Ministro, que participou das eleições dos EUA como observador, evitou comparar sistema eleitoral dos Estados Unidos com o brasileiro e falou sobre eleições de 2020

  • Por Jovem Pan
  • 07/11/2020 06h22
Carlos Moura/SCO/STF Apesar dos percalços, presidente do TSE classificou eleições como 'sucesso'

O presidente do Tribunal Superior Eleitoral, ministro Luís Roberto Barroso, classificou nesta sexta-feira, 6, uma possível volta do voto impresso como “retrocesso”. Ele falou sobre assunto em um fórum sobre democracia e liberdade na cidade de Vitória, no Espirito Santo. Na ocasião, ele comparou o retrocesso comprar hoje um vídeo cassete. Ainda assim, o ministro disse que que se incomoda com o custo das urnas eletrônicas e lembrou que o país conta com 500 mil equipamentos que custam cerca de R$ 700 milhões.

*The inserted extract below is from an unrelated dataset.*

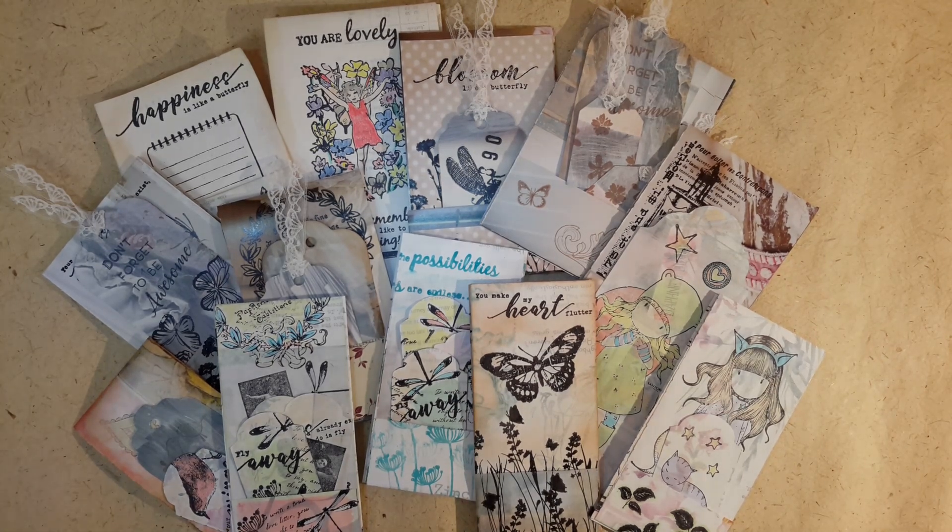Hi guys, welcome back. It's been a while, but let's not ponder on that — let's share some of my creations that I've been making.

Além disso, a cada dois anos, em período eleitoral, pelo menos 100 mil urnas precisam ser trocadas.

Ele ainda falou sobre tecnologia e convidou eleitores a usarem o aplicativo E-título, modelo eletrônico do título de eleitor convencional, para a votação no dia 15 de novembro. “Nós estimulamos as pessoas a baixarem o e-titulo inclusive porque a justiça eleitoral pode se comunicar com eleitores e por intermédio do E-título você fica sabendo a sua seção eleitoral. Se for possível nós vamos dar até informações sobre o nível de congestionamento para as pessoas escolherem o melhor horário para votarem”, afirmou o ministro. Ele participou como observador convidado nas eleições dos EUA, onde o voto é impresso, mas não comparou o sistema eleitoral dos dois países, se limitando apenas a opinar que o Brasil tem necessidade de mudar para voto distrital misto com urgência. Em votações do tipo, o país mistura votos proporcionais e majoritários.